コンパクト性定理
完全性まで示したので,コンパクト性定理を簡単に示すことができます.
極大無矛盾集合の構成によって完全性を示すことのメリットの一つです.新井本では完全性定理を「トートロジーならば証明可能」の形で示していたので,このままでは有限の論理式の集合\(\Gamma\)についてしか\( \Gamma \vDash \varphi \iff \Gamma \vdash \varphi \)が成り立たず,コンパクト性は別に証明する必要がありました.コンパクト性によって一般の\( \Gamma \)に完全性を持ち上げるというのが新井本の手法です.
ところが,極大無矛盾集合を構成してしまえば\( \Gamma \)は最初から有限である必要がないので,コンパクト性定理は系になります.

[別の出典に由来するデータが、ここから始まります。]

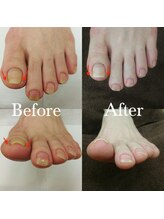 オーガニックネイルサロン プティ ボア(petit bois)/【巻き爪矯正】3回目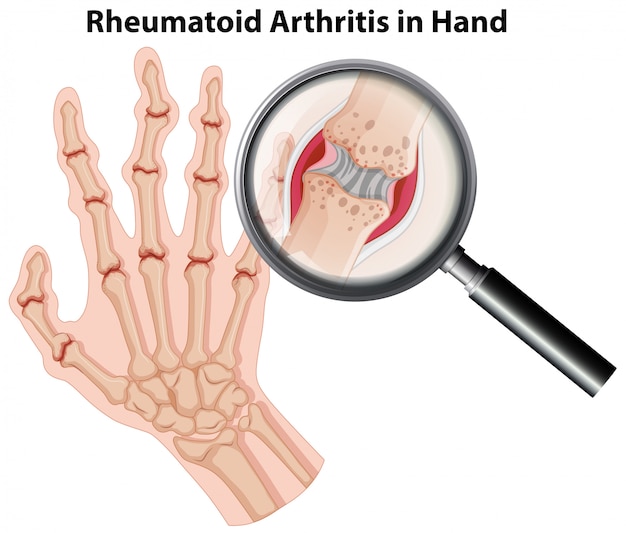 Artritis reumatoidea de la anatomía humana en la mano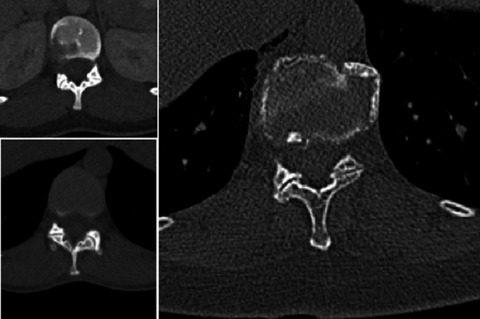 Vertebrae at the thoracolumbar junction: A quantitative assessment using CT scans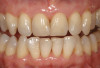 Figure 24  Minimal gingival scallop because of the apically placed papilla and a long contact is the expected outcome in a patient with significant interproximal bone loss before implant placement.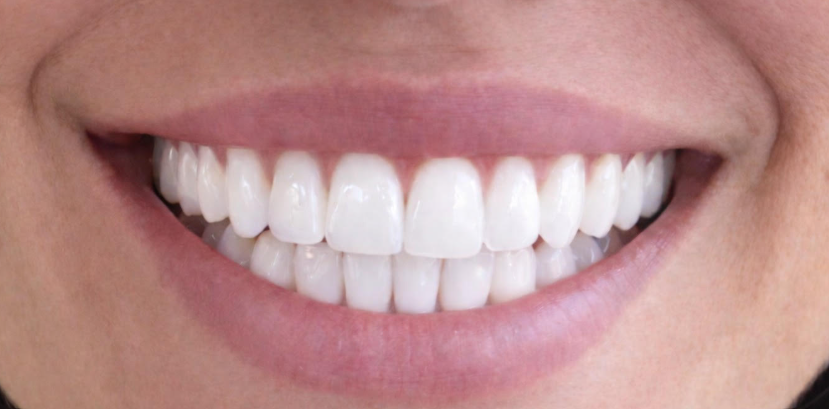 blanqueamiento dental en madrid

ではいくつか準備をします.注意としては,「充足可能」と「モデルを持つ」は同じことです.文脈であてはまりのいいように言い換えていますが,同じ意味であることに注意してください.
補題6-1:
論理式の集合\( \Gamma \)がモデルを持つならば無矛盾である.
(証明)
\( \Gamma \)がモデルを持つことよりある\(\nu\)が存在して\(\nu \vDash \Gamma\)となる.このとき\( \Gamma \vdash \bot \)であるとすると健全性定理より\( \Gamma \vDash \bot \). すなわち,\( \nu(\bot) = 1 \)となる.これは付値の定義に矛盾する.よって,\( \Gamma \not\vdash \bot \)であり,すなわち\(\Gamma\)は無矛盾.

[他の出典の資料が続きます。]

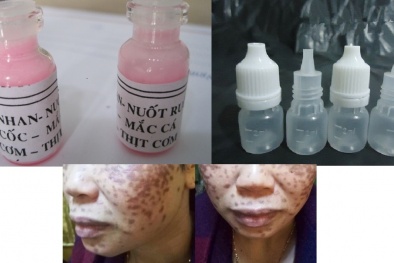 Trị nám, tàn nhang bằng axit: Xu hướng làm đẹp nguy hiểm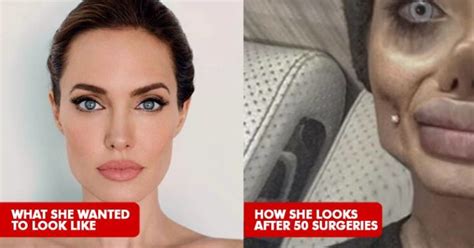 Woman Underwent 50 Surgeries To Look Like Angelina Jolie Heres How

この補題とモデルの存在定理より, 「\( \Gamma \)が無矛盾 \(\iff\) \( \Gamma \)がモデルを持つ」がわかりました.
定義(有限充足可能):
論理式の集合\( \Gamma \)の任意の有限部分集合\( \Gamma_0 \subset \Gamma\)が充足可能であるとき\( \Gamma \)は有限充足可能であるという.
では,コンパクト性定理を示しましょう.
定理(コンパクト性定理):
\( \Gamma\)が有限充足可能ならば充足可能.
(証明)
対偶を示す.モデルを持たないことと無矛盾であることが同値であるから次を示せばよい,
\( \Gamma \vdash \bot \)ならばある有限部分\( \Gamma_0 \subset \Gamma\)について\( \Gamma_0 \vdash \bot \).
ところが,これは証明の定義より自明.
選択公理とコンパクト性定理
選択公理があればコンパクト性定理は位相空間論的に示せます.というか,コンパクトという言葉がそもそも位相空間の言葉ですから名前の背景がここに書いたことにあたるということだと思います.

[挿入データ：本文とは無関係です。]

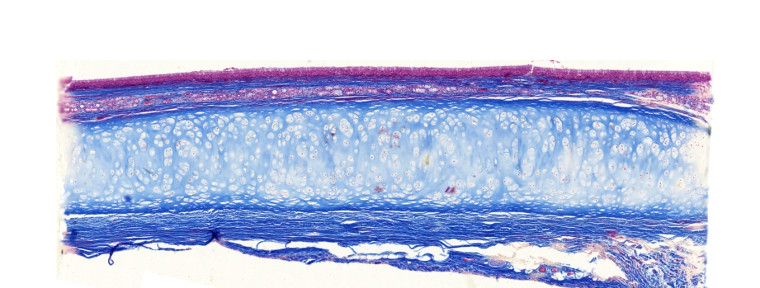 5 Trachea längs Mensch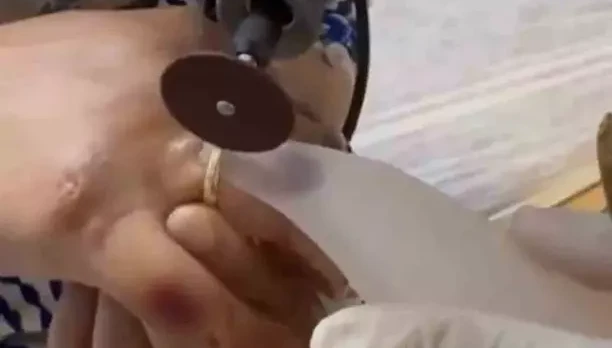 Kazada yaralanan kadının parmağına sıkışan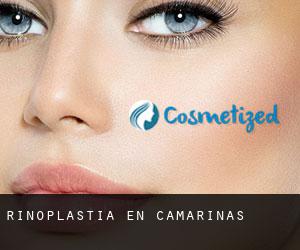 Rinoplastia en Camariñas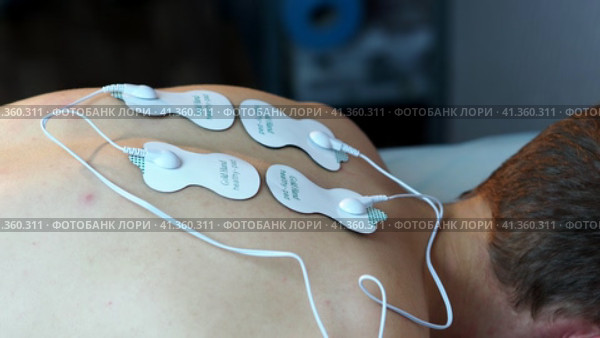 Physiotherapy. Electrotherapy and myostimulation of the back muscles. Physiotherapy treatment for rehabilitation.  Физиотерапия. Электротерапия и миостимуляция мышц спины. Физиотерапевтическое лечение для реабилитации. Стоковое видео, видеограф Egor Sarantstv / Фотобанк Лори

素論理式の集合が可算の場合には可算選択公理くらいで大丈夫だと思います(もしかしたらいらないかもしれませんがいつか確かめます. 極大無矛盾集合の構成において\(I\)が可算の時には選択公理を一切必要としないように, Tychonoffの定理も可算直積に関しては選択公理の使用を回避する証明方法があるかもしれません. 知ってる方がはコメントくださると嬉しいです).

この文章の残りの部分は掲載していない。